Sequence prediction of characters?

Asked 12/3, 2017 at 13:30 Answered 15/1, 2023 at 1:47

text machine-learning neural-network lstm n-gram

I am new to machine learning, so please go easy in case the problem is trivial.

I have been given a sequence of observed characters say, ABABBABBB..... (n characters). My goal is to predict the next characters by some "learning" mechanisms. My constraints are that the obeserved characters (training data?) is not too much i.e I have say a sequence of length 6000 to learn the underlying patterm

I am quite confused about what strategy to take to solve this problem,my initial bets are: 1) some kind of ngram model? 2) Neural networks (the likes of LSTM) etc.? 3) HMMs

Can you please give directions of the right approaches for solving this problem?

Pontus answered 12/3, 2017 at 13:30 Comment(4)

Is the underlying pattern of the sequence constant? (or does the pattern change per sequence/input) – Triphammer 14/3, 2017 at 9:51

I don't know the pattern, it is something I want to learn. – Pontus 16/3, 2017 at 6:47

How many characters are in your alphabet? Just 'A' and 'B'? Can you upload your data? – Cranky 16/3, 2017 at 9:50

it can contain a maximum of 20 alphabets – Pontus 17/3, 2017 at 5:22

If you're dealing with a fairly trivial pattern, where letters are based only off of the previous one, then you're spot on that a Hidden Markov Model (HMM) would solve it - in fact something as simple as a Markov Chain would work.

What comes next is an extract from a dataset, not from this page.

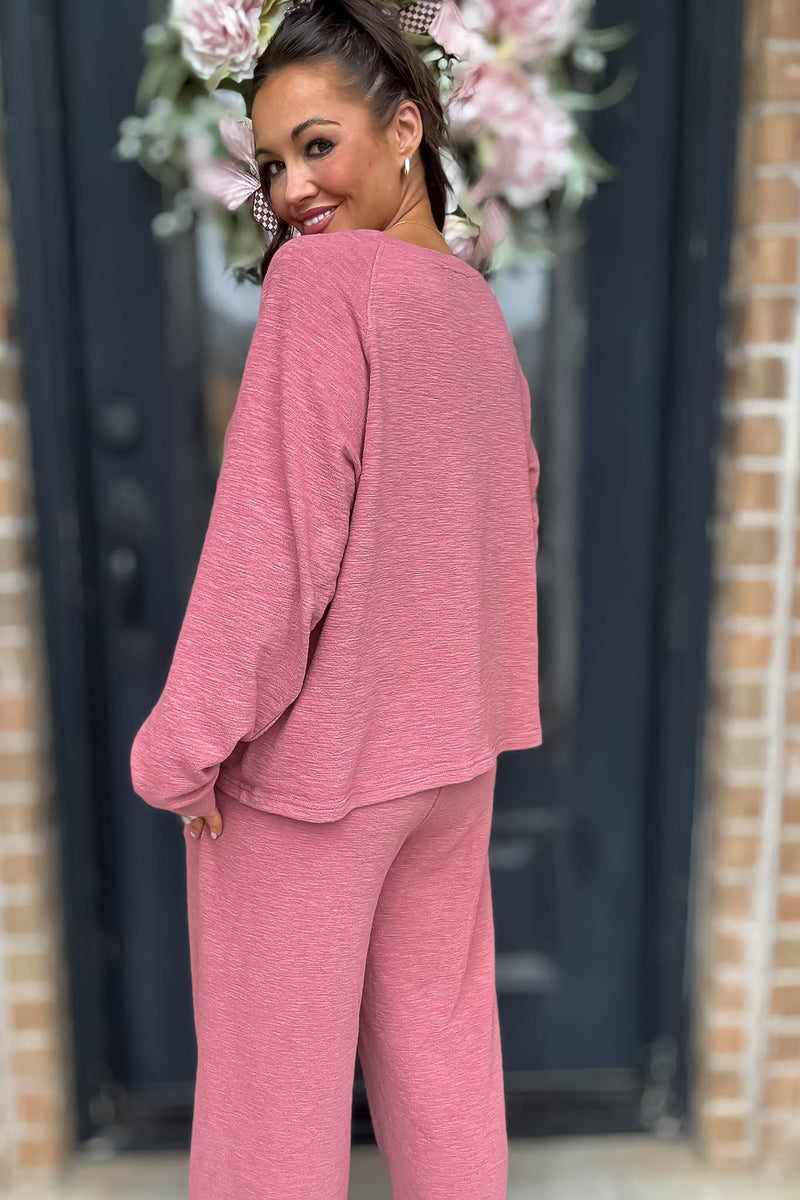 Rewrite Your Story Winter Rose Slub Long Sleeve Top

If you want to have a little fun, then here's a custom solution based on the HMM that you can fiddle around with.

Go over the sample data, and create a linked list of every element, in the order they were inserted. Now make another list for each different character, and put the index of every list element where it belongs. Here's a (very poorly drawn) visual representation of the linked list, and the buckets below it:

Now when you are presented a sequence, and asked to predict the next character, all you have to do is look at the most recent X characters, and see how sub-sequences that were similar to it acted.

To use my example above, then look at the most recent (the last) 3 characters to get BAC. You want to see if the sequence BAC has ever happened before, and what came after it when it did happen. If you check the bucket for the first letter of BAC (the B), you can see that the letter B showed up once before. Thankfully it follows the sequence - and an A came after it, so that will be the prediction.

You might want to not only check sequences of the past X, but also every number below X, giving each one less weight if the sequence matches, to create a better heuristic.

The difficult part is deciding how far behind to look - if you look too far, it'll take too long, and you might not get any matches. If you look too short, then you might miss a pattern, and have to guess.

Good luck - hopefully this is nice and easy to implement, and works for you.

Heavily answered 17/3, 2017 at 6:39 Comment(0)

Your problem looks to be a time-series analysis. For that you should also take the use of statistics and Exploratory Data Analysis (EDA) besides machine-learning algorithms into account.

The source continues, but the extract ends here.